TASK ITEM =
Look through the data below and extract, unchanged, the lines from the one that contains "Malla mosaico TRIBAL - Intermatex" to the one that contains "Decky 6020 6-Panel", both included.

DATA FOR THIS TASK =
•••
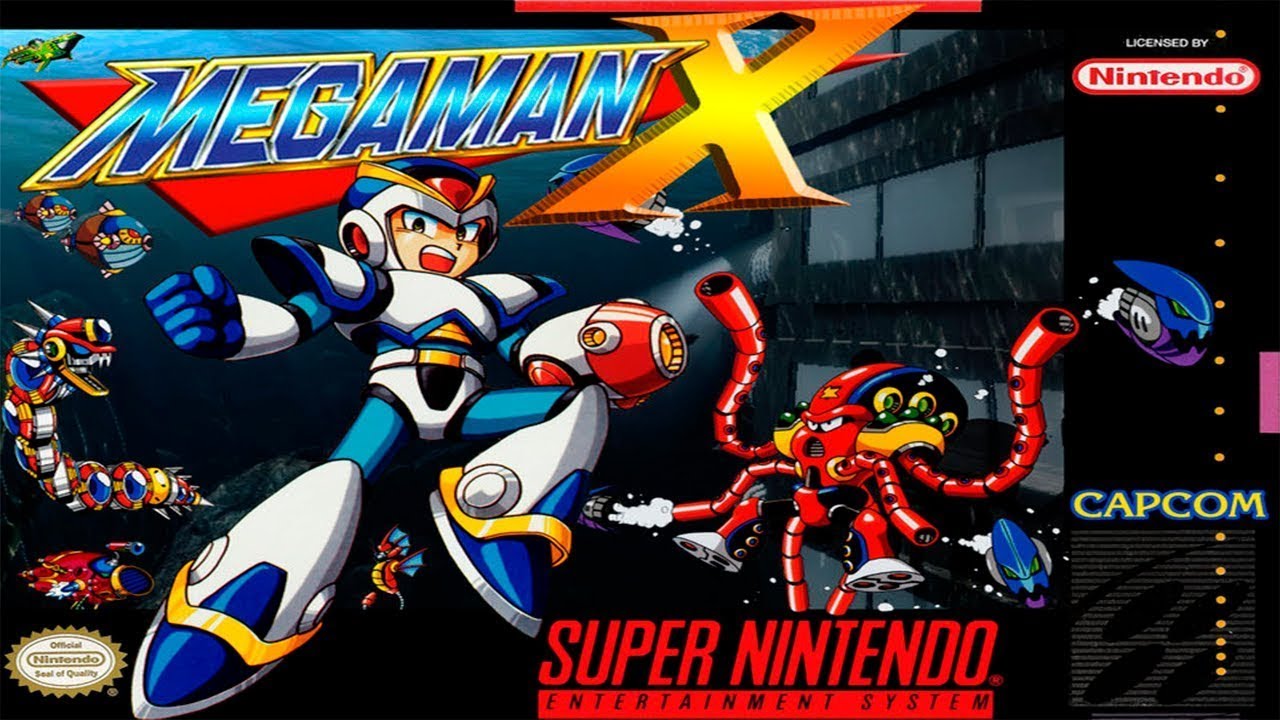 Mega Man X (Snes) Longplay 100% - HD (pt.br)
•••
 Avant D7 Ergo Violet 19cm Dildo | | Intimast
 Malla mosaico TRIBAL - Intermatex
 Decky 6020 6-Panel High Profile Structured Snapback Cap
•••
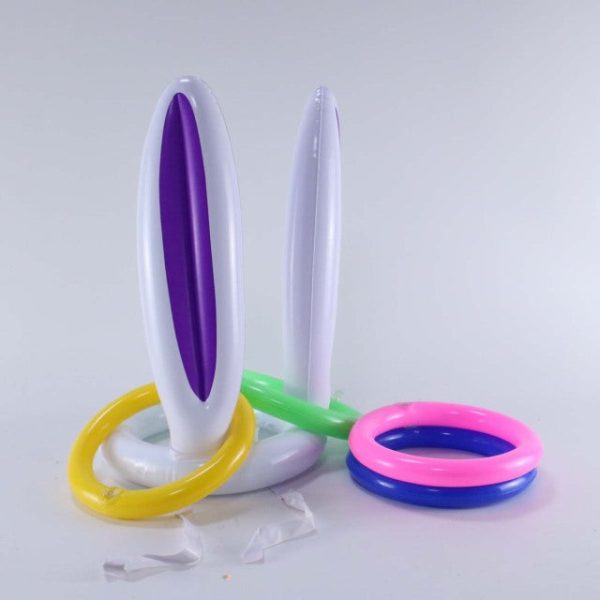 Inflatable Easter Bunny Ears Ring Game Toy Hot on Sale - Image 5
•••
RESULT =
 Malla mosaico TRIBAL - Intermatex
 Decky 6020 6-Panel High Profile Structured Snapback Cap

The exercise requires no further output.